In Italia pare che non esistano studi sul fenomeno, ma questo non significa che non esista. Spulciando la rete ogni tanto si incappa in racconti di famiglie caratterizzate dalla presenza di padri a casa per prendersi cura dei figli. Da queste testimonianze emergono due moventi principali. Il primo è la volontà di garantire una presenza famigliare ai figli, nei loro primi anni, e dopo per seguirli negli studi e nelle altre attività. Il secondo è il pragmatismo: i soldi spesi per scuole e tate sono molti e allora chi ha lo stipendio più basso sta a casa, oppure se può sceglie il part time. Nulla di strano, sono dinamiche più che note e il fatto che riguardino anche alcuni uomini ha di eccezionale solo che le retribuzioni delle donne stanno finalmente crescendo.
Sempre il Journal of Marriage and Family dedica un ampio studio al fenomeno nel numero di ottobre, facendo un importante distinguo metodologico. Le famiglie dad-at-home sono diverse da quelle in cui il padre è a casa perché ha perso il lavoro, unable-to-work stay-at-home father families (sic). Queste ultime sono il frutto amaro della disoccupazione, mentre le altre sono risultato di scelta, seppure economicamente motivata. A volere essere franchi, il modello dad-at-home non è virtuoso in se’ perché evidenzia comunque una difficoltà del nucleo famigliare a gestire lavoro e famiglia, mantenendosi in equilibrio finanziariamente. Però è un sintomo di cambiamento verso una maggiore uguaglianza di genere e di una sensibilità maschile in rapido mutamento.

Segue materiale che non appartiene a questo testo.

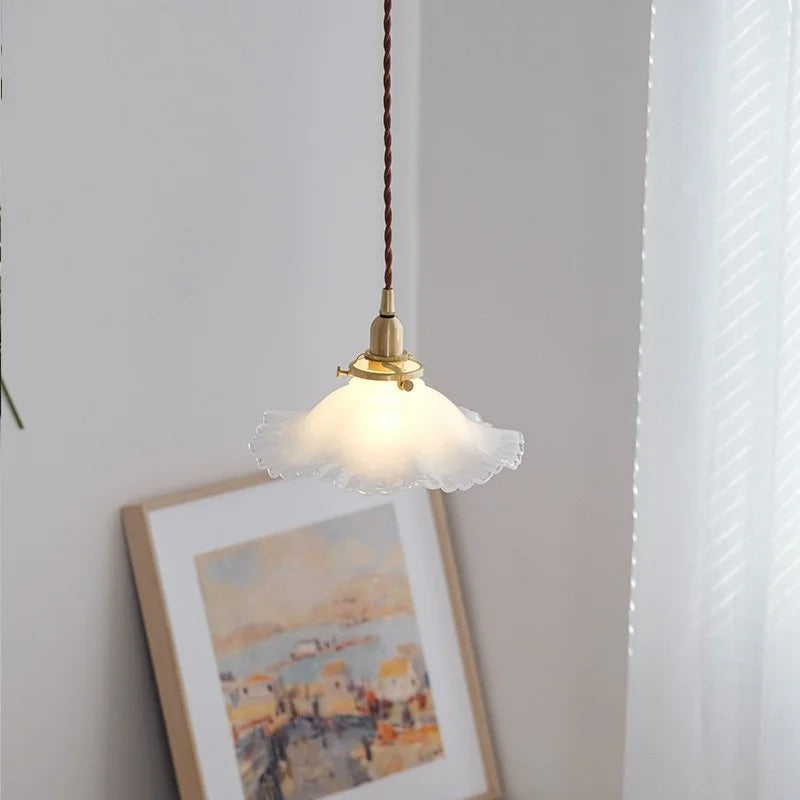 Pendelleuchte aus Glas und Messing im nordischen Vintage-Design - vue 4 sur 6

Conosco bene alcuni padri – pochi certamente – che sono i principali caregiver perché svolgono professioni freelance o che contemplano impegni ampiamente onorabili da casa: un musicista, un giornalista, un architetto. Vero è che conosco molte più madri a casa. Poi molti nonne o nonni, se vivono nella stessa città dei nipoti, ma questa è un’altra storia. Io stesso, anni fa, ho combinato un eccesso di ferie arretrate con l’abbandono di una tata e ho fatto la mia esperienza di dad-at-home per una decina di giorni. Come è andata? Splendidamente, ma non rientro in un campione attendibile, era una situazione pro tempore e quindi l’ho vissuta con l’entusiasmo di una vacanza.
Pare che non si possa dire lo stesso dei dad-at-home a tempo pieno. Gli strali sociali della loro scelta sono ancora pesanti, i ricercatori del Journal of Mariage and Family riportano con chiarezza che elementi di maggior disagio sono la perdita di posizione sociale e l’etichetta di “falliti o strambi”. Non a caso, sempre negli Usa, alcuni di loro si sono riuniti in associazione, la National At-Home Dad Network, per fare cultura e informazione su un modello famigliare e una scelta umana che, scommettono loro, diventeranno sempre più popolari nei prossimi anni. In Italia siamo pronti?